● To do
The expected output is every entry below, exact in every character.

● Information
Content starts
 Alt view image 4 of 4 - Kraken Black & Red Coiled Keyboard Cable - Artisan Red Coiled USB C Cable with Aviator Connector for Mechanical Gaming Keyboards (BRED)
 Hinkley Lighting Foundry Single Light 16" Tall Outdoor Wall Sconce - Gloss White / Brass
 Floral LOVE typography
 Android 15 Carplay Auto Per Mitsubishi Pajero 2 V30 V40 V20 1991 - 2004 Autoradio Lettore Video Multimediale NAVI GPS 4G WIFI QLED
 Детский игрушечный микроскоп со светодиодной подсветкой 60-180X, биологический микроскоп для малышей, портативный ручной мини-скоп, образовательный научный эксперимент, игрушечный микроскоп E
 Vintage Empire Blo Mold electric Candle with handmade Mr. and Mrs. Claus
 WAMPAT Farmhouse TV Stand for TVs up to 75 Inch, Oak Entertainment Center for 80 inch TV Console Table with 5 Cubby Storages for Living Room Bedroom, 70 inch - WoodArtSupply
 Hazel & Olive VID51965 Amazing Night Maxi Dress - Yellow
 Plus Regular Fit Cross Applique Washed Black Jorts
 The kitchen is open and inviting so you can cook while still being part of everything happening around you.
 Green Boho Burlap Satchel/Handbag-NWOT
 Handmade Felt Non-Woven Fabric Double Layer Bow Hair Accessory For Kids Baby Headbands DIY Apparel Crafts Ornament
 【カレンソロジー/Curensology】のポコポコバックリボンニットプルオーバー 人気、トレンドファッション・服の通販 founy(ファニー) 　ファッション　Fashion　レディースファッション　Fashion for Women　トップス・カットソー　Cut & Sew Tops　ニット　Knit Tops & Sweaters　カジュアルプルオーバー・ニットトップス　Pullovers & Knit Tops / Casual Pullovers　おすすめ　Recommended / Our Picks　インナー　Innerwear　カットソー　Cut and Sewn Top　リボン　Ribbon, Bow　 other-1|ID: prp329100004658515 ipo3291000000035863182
Content ends
● Written reply
 Alt view image 4 of 4 - Kraken Black & Red Coiled Keyboard Cable - Artisan Red Coiled USB C Cable with Aviator Connector for Mechanical Gaming Keyboards (BRED)
 Hinkley Lighting Foundry Single Light 16" Tall Outdoor Wall Sconce - Gloss White / Brass
 Floral LOVE typography
 Android 15 Carplay Auto Per Mitsubishi Pajero 2 V30 V40 V20 1991 - 2004 Autoradio Lettore Video Multimediale NAVI GPS 4G WIFI QLED
 Детский игрушечный микроскоп со светодиодной подсветкой 60-180X, биологический микроскоп для малышей, портативный ручной мини-скоп, образовательный научный эксперимент, игрушечный микроскоп E
 Vintage Empire Blo Mold electric Candle with handmade Mr. and Mrs. Claus
 WAMPAT Farmhouse TV Stand for TVs up to 75 Inch, Oak Entertainment Center for 80 inch TV Console Table with 5 Cubby Storages for Living Room Bedroom, 70 inch - WoodArtSupply
 Hazel & Olive VID51965 Amazing Night Maxi Dress - Yellow
 Plus Regular Fit Cross Applique Washed Black Jorts
 The kitchen is open and inviting so you can cook while still being part of everything happening around you.
 Green Boho Burlap Satchel/Handbag-NWOT
 Handmade Felt Non-Woven Fabric Double Layer Bow Hair Accessory For Kids Baby Headbands DIY Apparel Crafts Ornament
 【カレンソロジー/Curensology】のポコポコバックリボンニットプルオーバー 人気、トレンドファッション・服の通販 founy(ファニー) 　ファッション　Fashion　レディースファッション　Fashion for Women　トップス・カットソー　Cut & Sew Tops　ニット　Knit Tops & Sweaters　カジュアルプルオーバー・ニットトップス　Pullovers & Knit Tops / Casual Pullovers　おすすめ　Recommended / Our Picks　インナー　Innerwear　カットソー　Cut and Sewn Top　リボン　Ribbon, Bow　 other-1|ID: prp329100004658515 ipo3291000000035863182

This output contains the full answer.